Exercise objective:
Produce a faithful copy of the data, one that leaves out the pictures.

Data block:
::::::::::

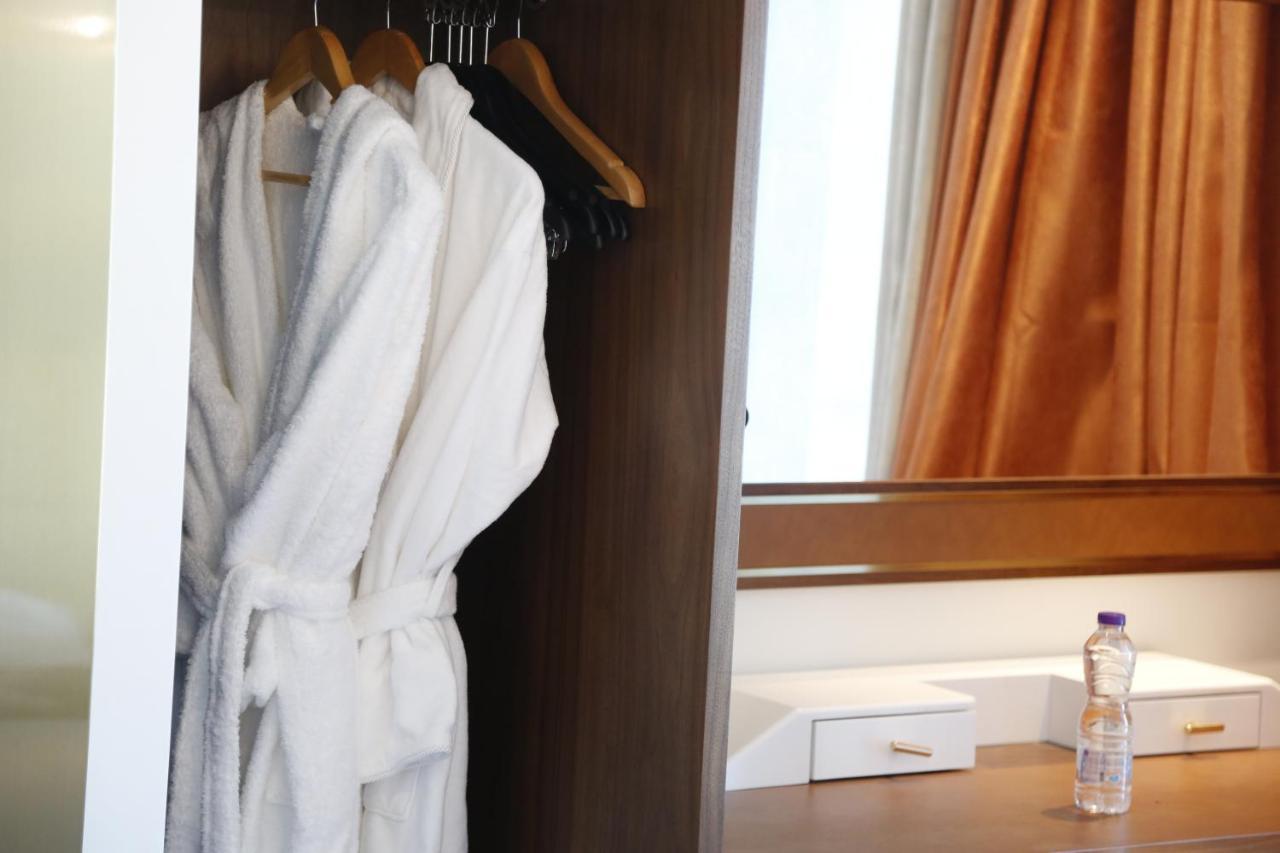 Waterfront Hotel Apartment Lusail Buitenkant foto A bathrobe hanging in a closet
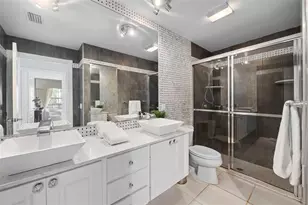 7662 Pesaro Dr, Sarasota, FL 34238 - Photo 12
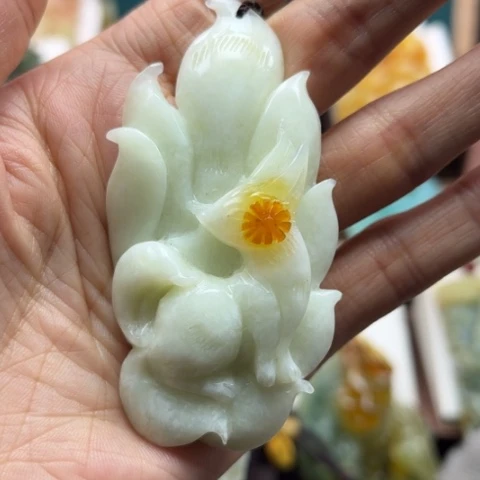 岫玉挂件未镶嵌我***欣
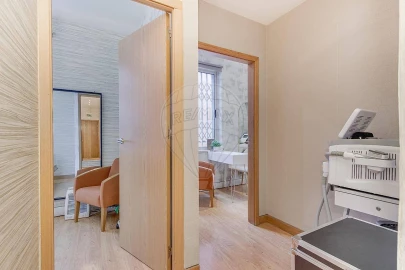 Escritório para Arrendamento em Santo António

::::::::::

Final answer:
 Waterfront Hotel Apartment Lusail Buitenkant foto A bathrobe hanging in a closet
 7662 Pesaro Dr, Sarasota, FL 34238 - Photo 12
 岫玉挂件未镶嵌我***欣
 Escritório para Arrendamento em Santo António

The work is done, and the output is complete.